Sullo sfondo, milioni di persone in fuga da guerre e dittature, ma anche gli epicentri della crisi migratoria come Lampedusa e il tragico naufragio del 3 Ottobre 2013, il corridoio balcanico, i luoghi dell’accoglienza, e la crisi d’identità di un’intera nazione. In primo piano, due famiglie di rifugiati alla disperata ricerca di una nuova vita, e il loro road-movie attraverso un paese diviso tra compassione e rancore e colpito da una dilagante deriva populistica. Per il ciclo Il Racconto del Reale, domenica 7 ottobre dalle 21.15 su Sky Atlantic va in onda It Will Be Chaos – Sarà il caos, documentario prodotto da HBO che è stato presentato al Milano Film Festival il 2 ottobre. Il film affronta con complessità i risvolti umani e sociali della crisi migratoria nel Mediterraneo. Lo fa raccontando in presa diretta le storie di due uomini, costretti a mettere a repentaglio la vita delle proprie famiglie nel drammatico viaggio alla ricerca di una nuova esistenza.

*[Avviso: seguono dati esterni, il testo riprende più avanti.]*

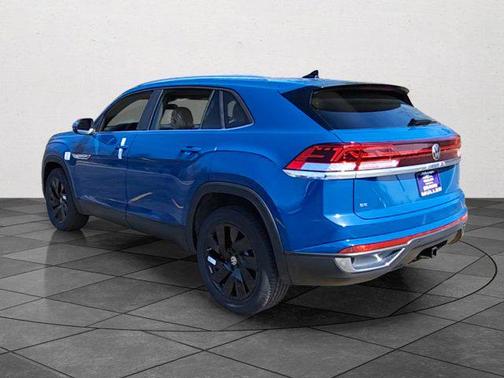 2025 Volkswagen Atlas Cross Sport 2.0T SE w/Technology 4MOTION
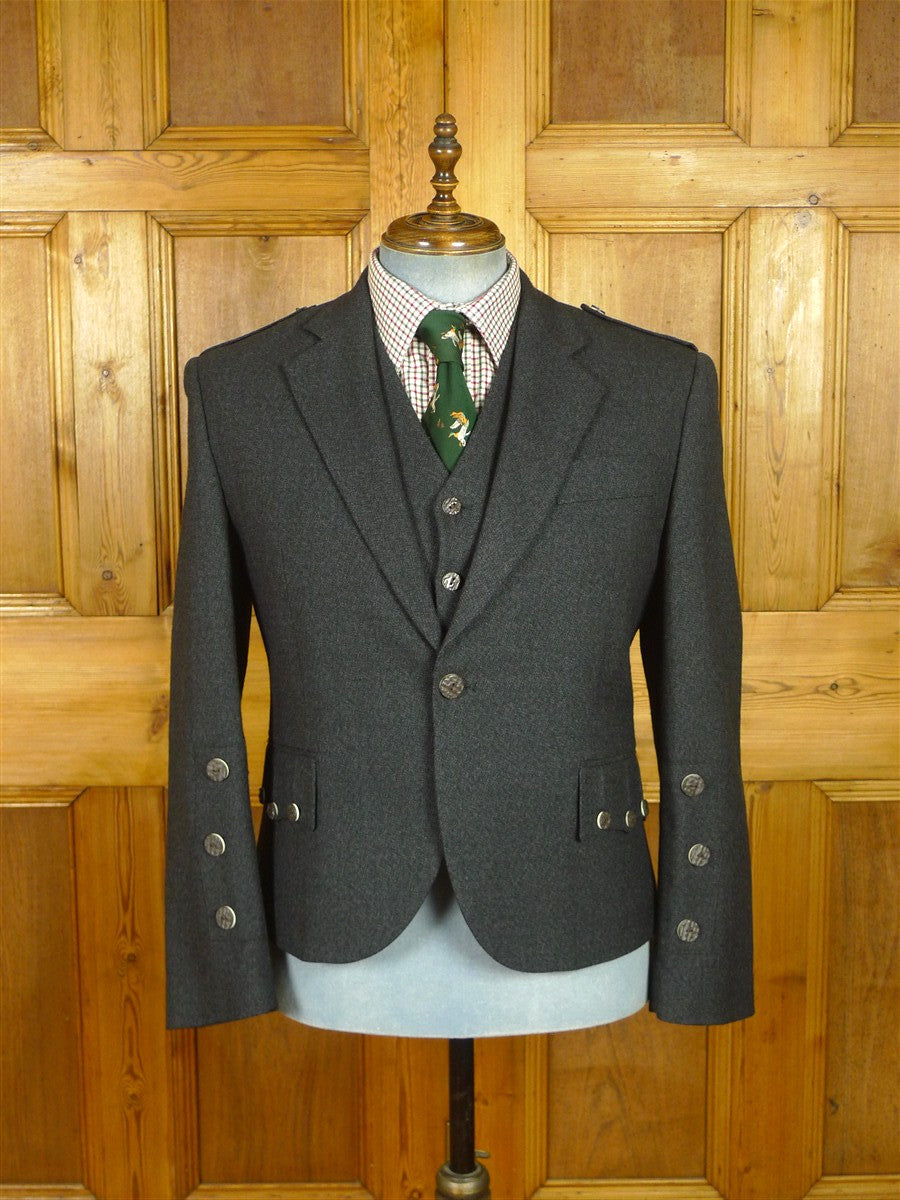 26/0699 mint kilt society charcoal grey twist kilt jacket & waistcoat w/ staghorn buttons 40 regular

It Will Be Chaos – Sarà il caos non trascura alcun aspetto della crisi, e include anche quella parte di società che si chiude di fronte agli sbarchi, tra le preoccupazioni dei residenti, il diffondersi di populismi, e l’intolleranza verso i nuovi arrivati. Tra i commenti della stampa americana, il Boston Globe sottolinea il pregio del documentario di “dare un viso e un’identità ad una catastrofe in corso spesso trattata solo come astrazione politica e numerica” e l’Hollywood Reporter lo definisce come “ritratto intimo del dramma della crisi migratoria che … mette gli spettatori nei panni dei rifugiati” e ne esorta la visione per tutti coloro che hanno il compito “di legiferare sulle politiche migratorie”. Diretto da Lorena Luciano e Filippo Piscopo, It Will Be Chaos – Sarà il caos – Miglior Regia al Festival di Taormina – è un viaggio durato cinque anni, di perdita e di ricerca, proprio come quello dei due protagonisti, e che racconta “una crisi antica come il mondo, di cui – nelle parole dei due registi – siamo protagonisti e spettatori al tempo stesso”. Aregai è eritreo ed è un sopravvissuto al naufragio del 3 ottobre 2013, durante il quale persero la vita 367 persone, tra cui tre suoi cugini – inghiottiti dal mare a poche centinaia di metri da Lampedusa. Dopo il salvataggio, avvenuto grazie ad una famiglia di pescatori locali, il film immortala la sua fuga verso il nord-Europa, punteggiata da convocazioni in tribunale e pellegrinaggi attraverso centri di detenzione popolati da migliaia di richiedenti asilo bloccati nel limbo di un sistema migratorio allo sfascio. Nel 2015 comincia invece il drammatico viaggio da un altro territorio in crisi, la Siria, di Wael e della sua famiglia, gli Orfahli. Da Smirne, in Turchia, il film segue in presa diretta il cammino di Wael, della moglie e dei quattro figli piccoli attraverso l’intero corridoio Balcanico. Un’odissea che, dopo 7 paesi diversi, 24 giorni di fame, ansia, e pericoli costanti, si conclude in Germania, dove Wael ritrova suo fratello Thair.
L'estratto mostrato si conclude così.